Input material below:

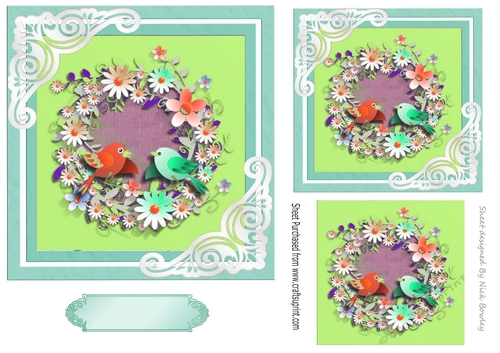 Pretty  birds with flowers 7x7 topper (turq)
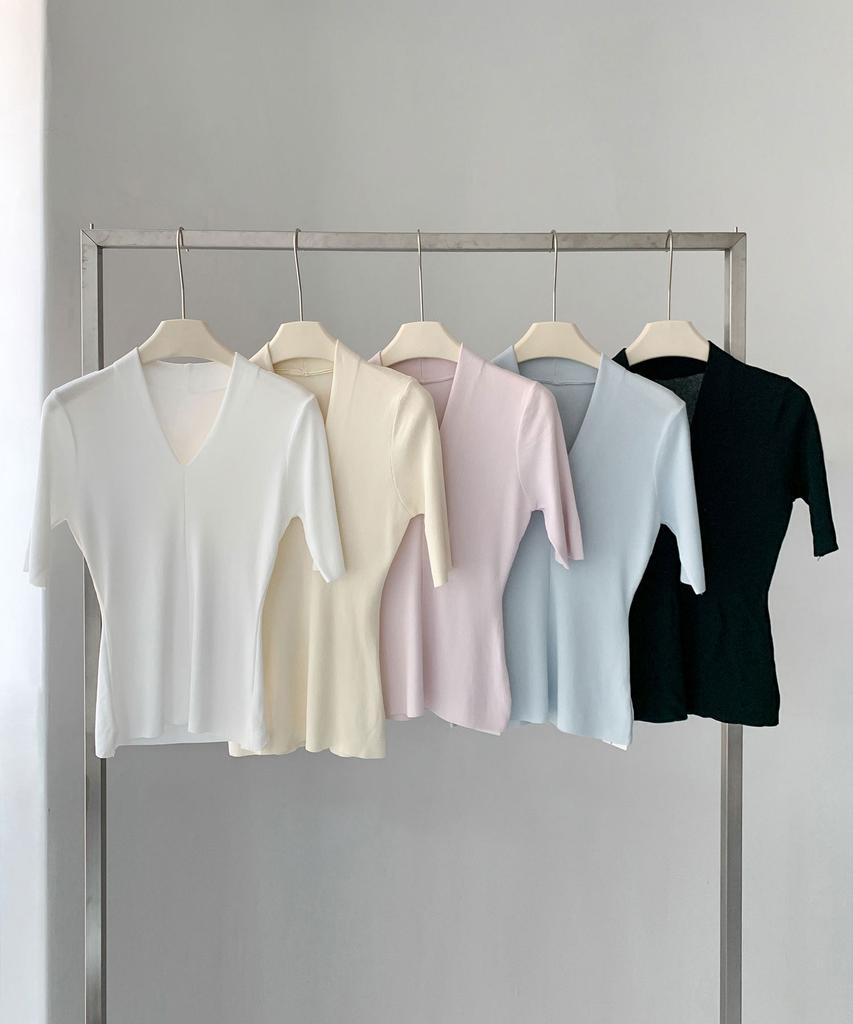 Baseukala Deep V-Neck Ribbed Short Sleeve Knit (5Colors)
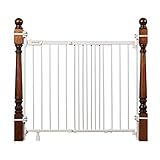 Summer Infant Metal Banister & Stair Safety Pet and Baby Gate,31'-46' Wide, 32.5' Tall, Install Banister to Banister or Wall or Wall to Wall in Doorway or Stairway, Banister and Hardware Mounts -White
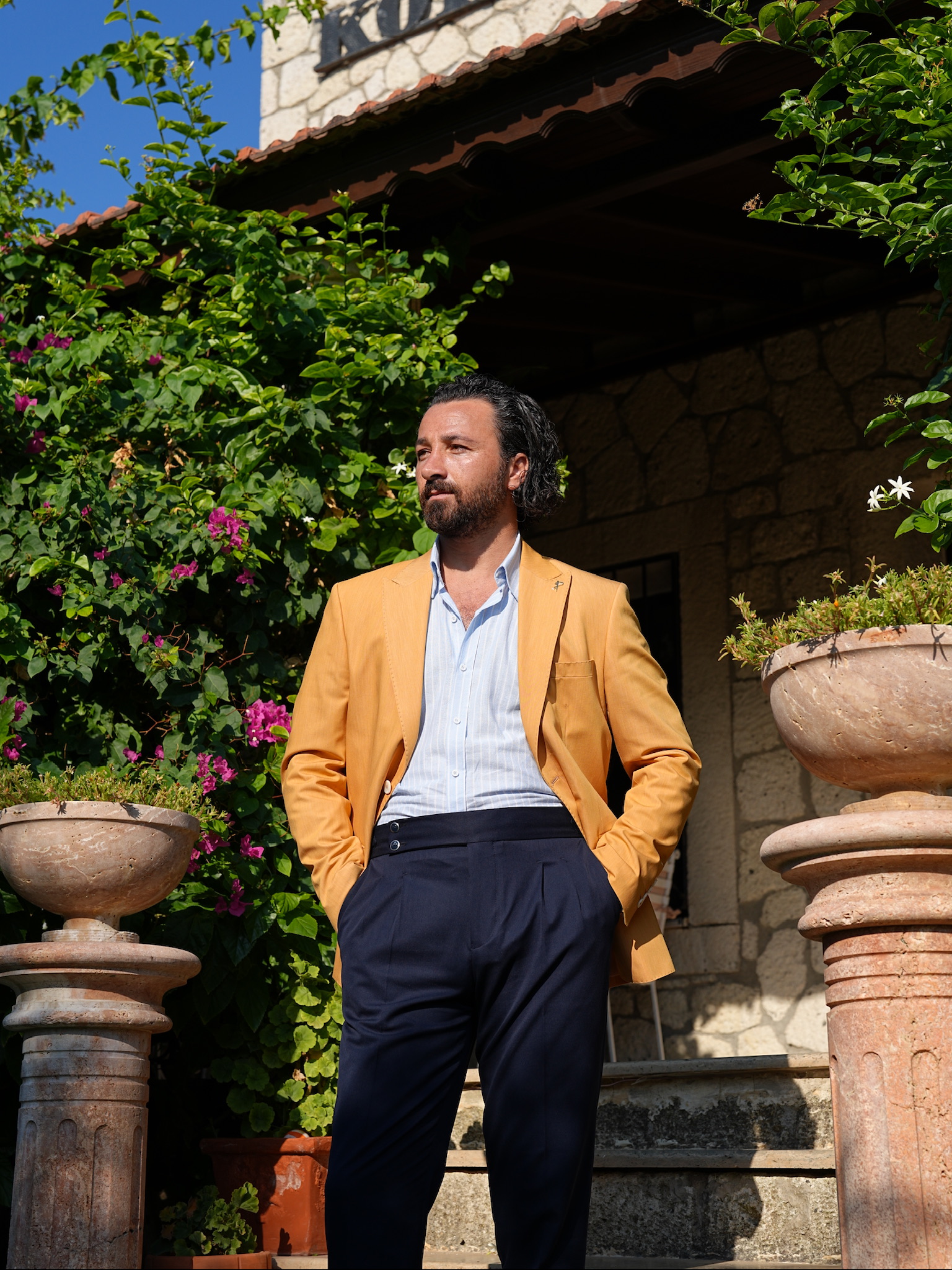 Erkek Premium İtalyan Stil Slim Fit Erkek Punto Dikişli Torba Cepli Yarım Astarlı Ceket - Sarı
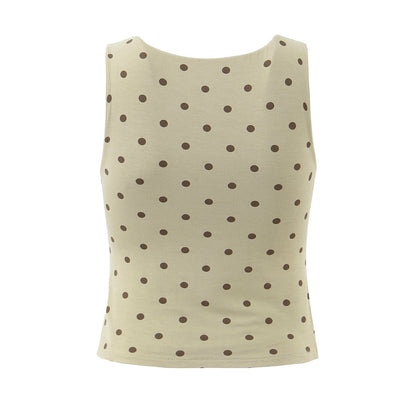 Polka Dots Skirt Co-ord Set In Polyester Featuring Folds With Round Neck Sleeveless Slim Short Design
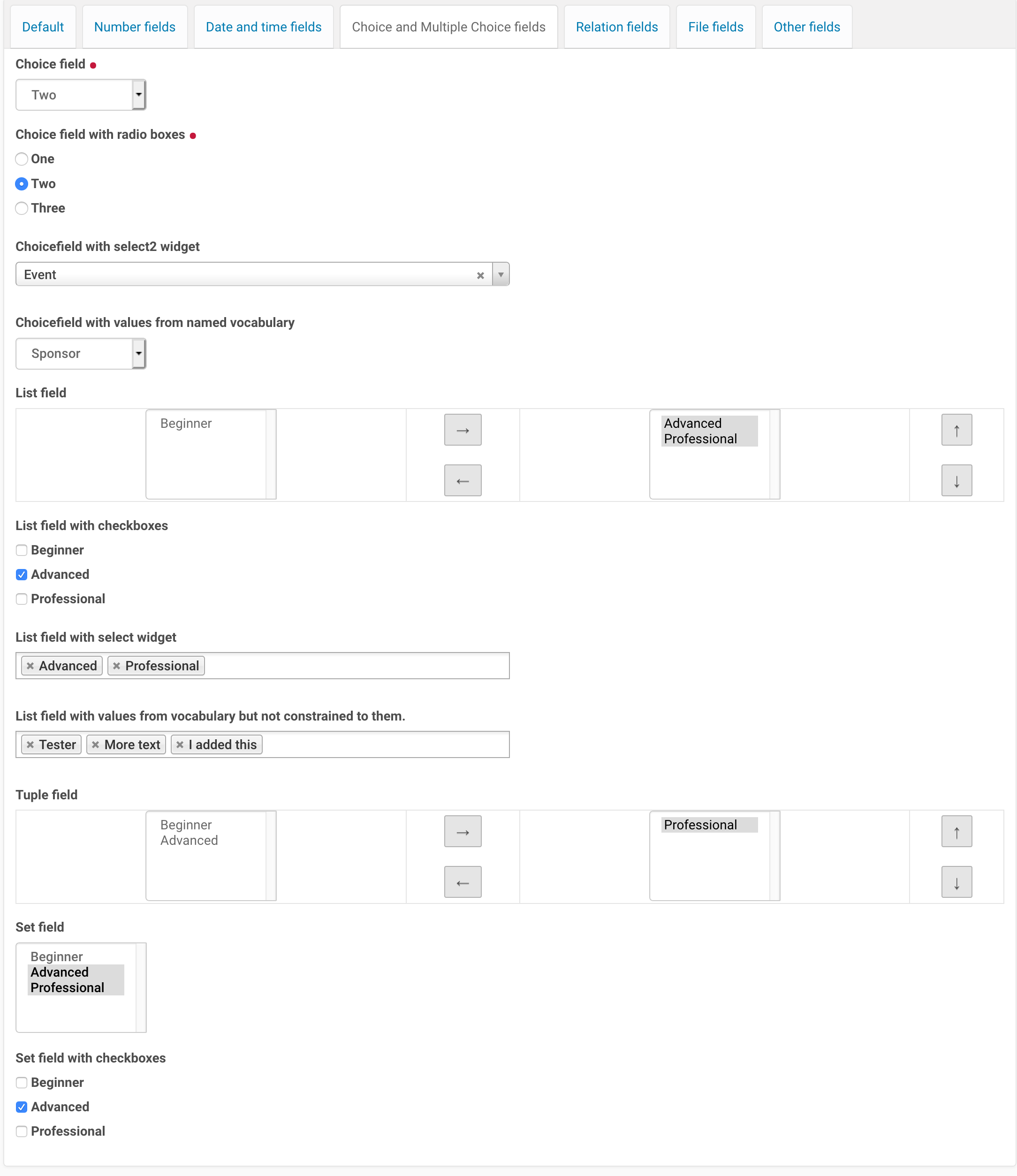 Choice and multiple choice fields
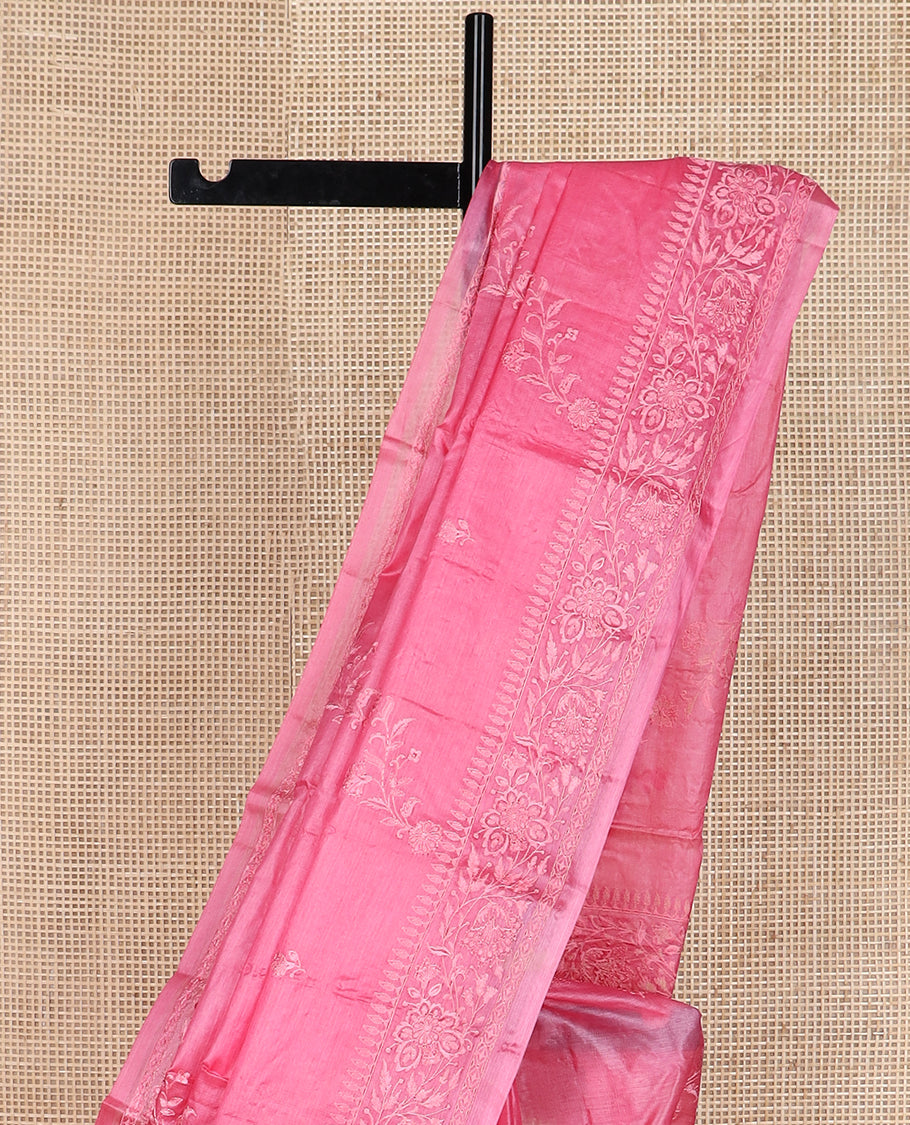 Pink diagonal floral stripes thread embroidered tussar saree, floral creeper embroidered border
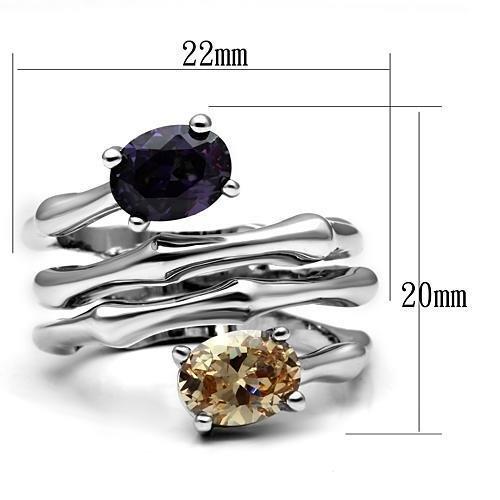 3W224 - Rhodium Brass Ring with AAA Grade CZ in Multi Color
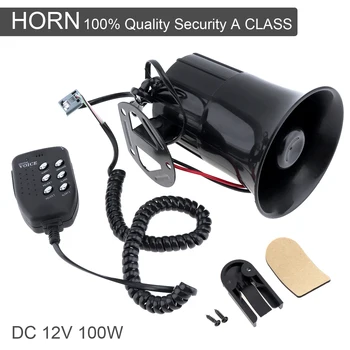 

100W Tone Loud Horn Motorcycle Auto Car Vehicle Truck Speaker Warning Alarm Siren Police Fire Ambulance Horn Loudspeaker
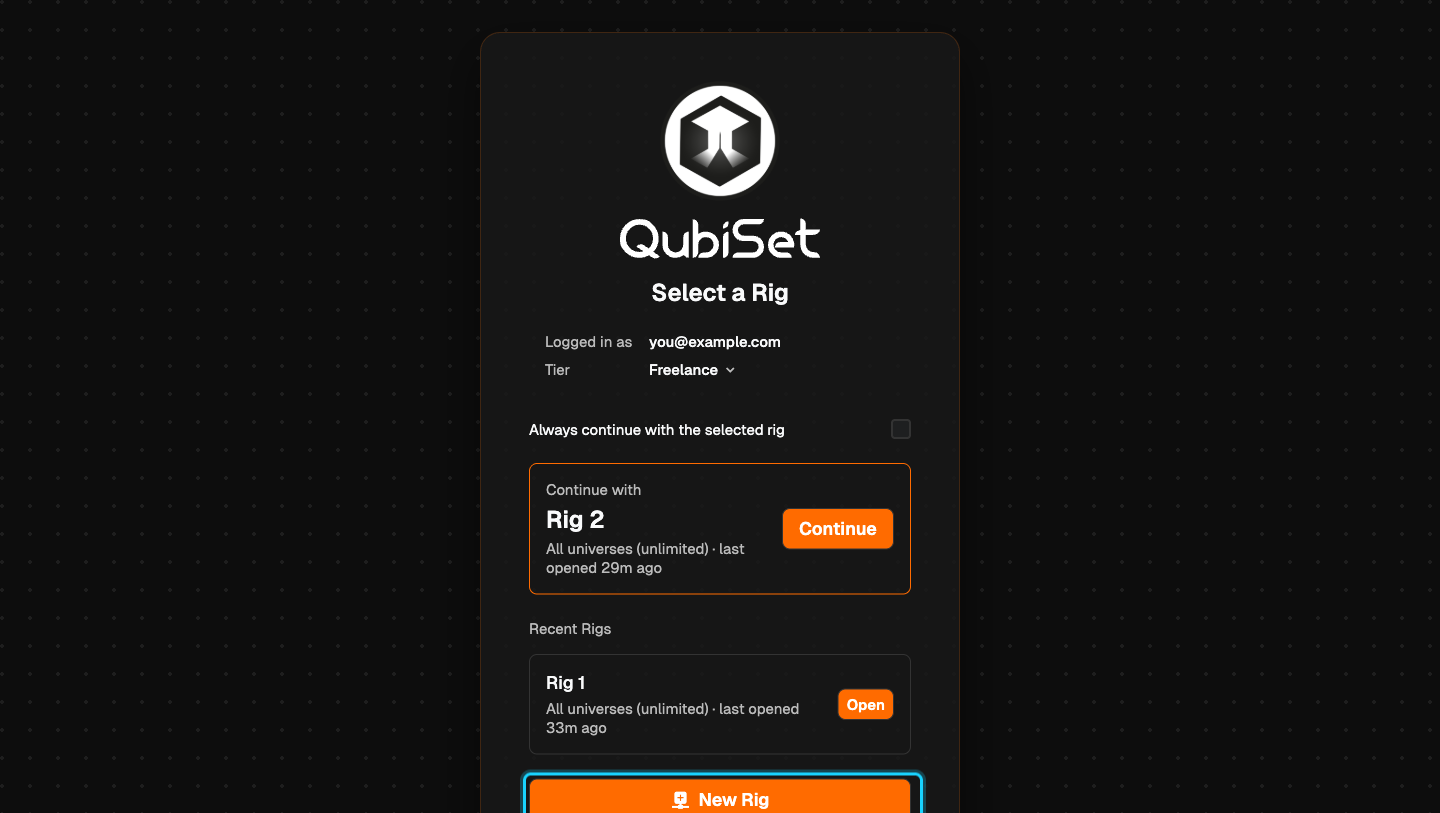The "Select a Rig" screen with the "New Rig" button highlighted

End of Input material.

## Exercise aim
All lines from the one holding "Erkek Premium İtalyan" through the last line of the records need to be copied exactly, both ends included, and the pictures left behind.

## Reply to the task
 Erkek Premium İtalyan Stil Slim Fit Erkek Punto Dikişli Torba Cepli Yarım Astarlı Ceket - Sarı
 Polka Dots Skirt Co-ord Set In Polyester Featuring Folds With Round Neck Sleeveless Slim Short Design
 Choice and multiple choice fields
 Pink diagonal floral stripes thread embroidered tussar saree, floral creeper embroidered border
 3W224 - Rhodium Brass Ring with AAA Grade CZ in Multi Color

100W Tone Loud Horn Motorcycle Auto Car Vehicle Truck Speaker Warning Alarm Siren Police Fire Ambulance Horn Loudspeaker
The "Select a Rig" screen with the "New Rig" button highlighted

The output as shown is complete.